- **GIVEN DATA**:
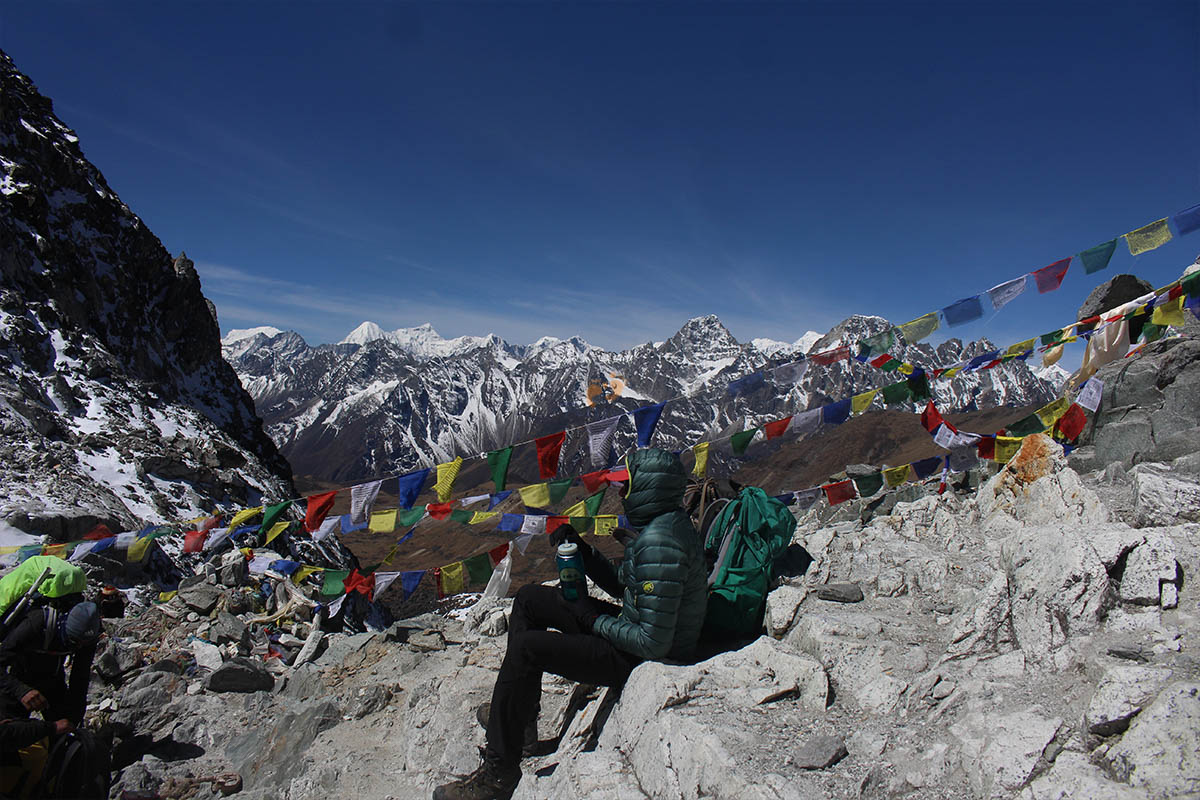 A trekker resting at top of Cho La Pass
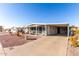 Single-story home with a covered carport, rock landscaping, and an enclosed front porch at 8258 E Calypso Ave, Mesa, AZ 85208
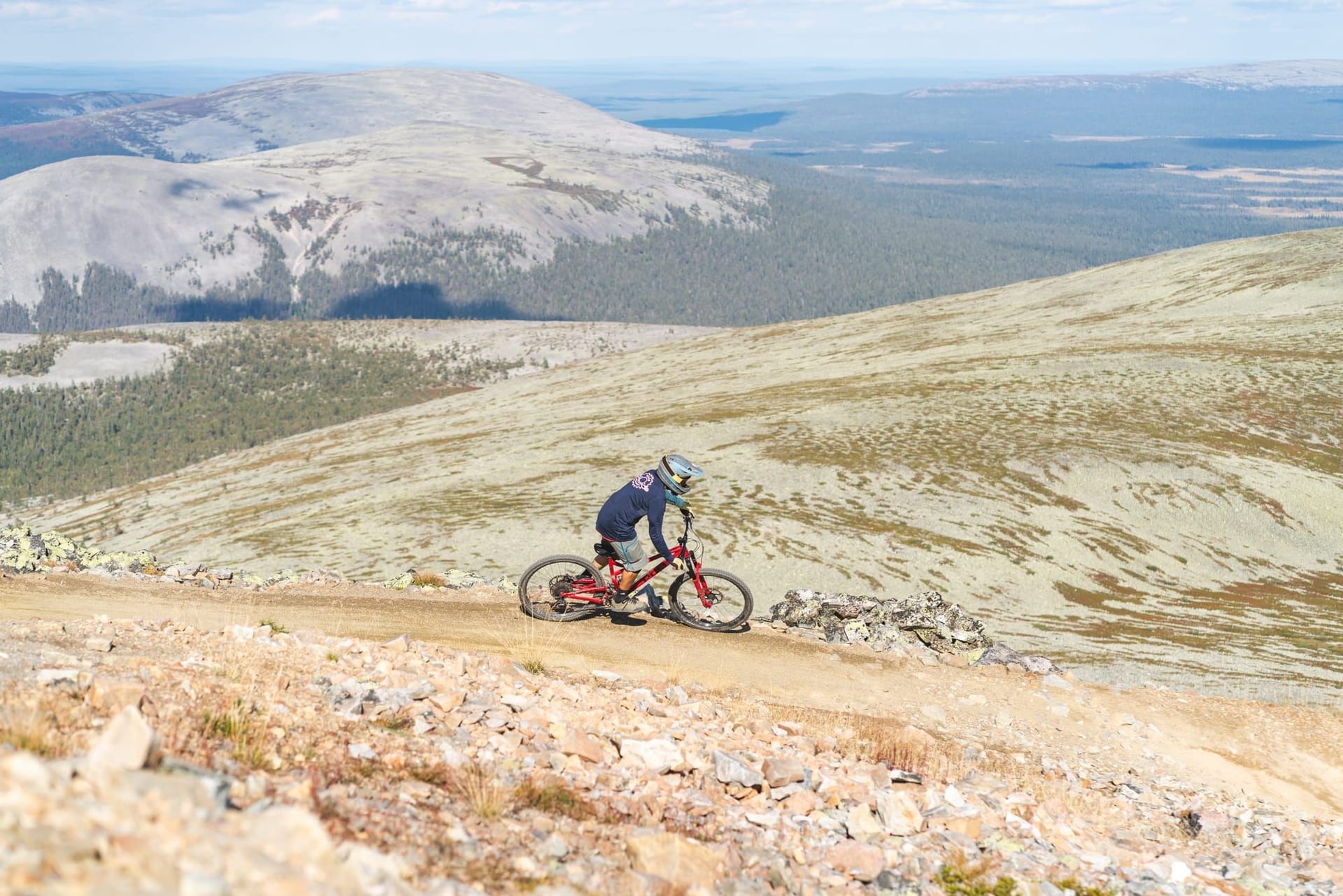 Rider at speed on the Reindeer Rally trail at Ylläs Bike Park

- **PROBLEM TO WORK ON**:
Please output each line above exactly and omit all images.

- **REPLY TO THE TASK**:
 A trekker resting at top of Cho La Pass
 Single-story home with a covered carport, rock landscaping, and an enclosed front porch at 8258 E Calypso Ave, Mesa, AZ 85208
 Rider at speed on the Reindeer Rally trail at Ylläs Bike Park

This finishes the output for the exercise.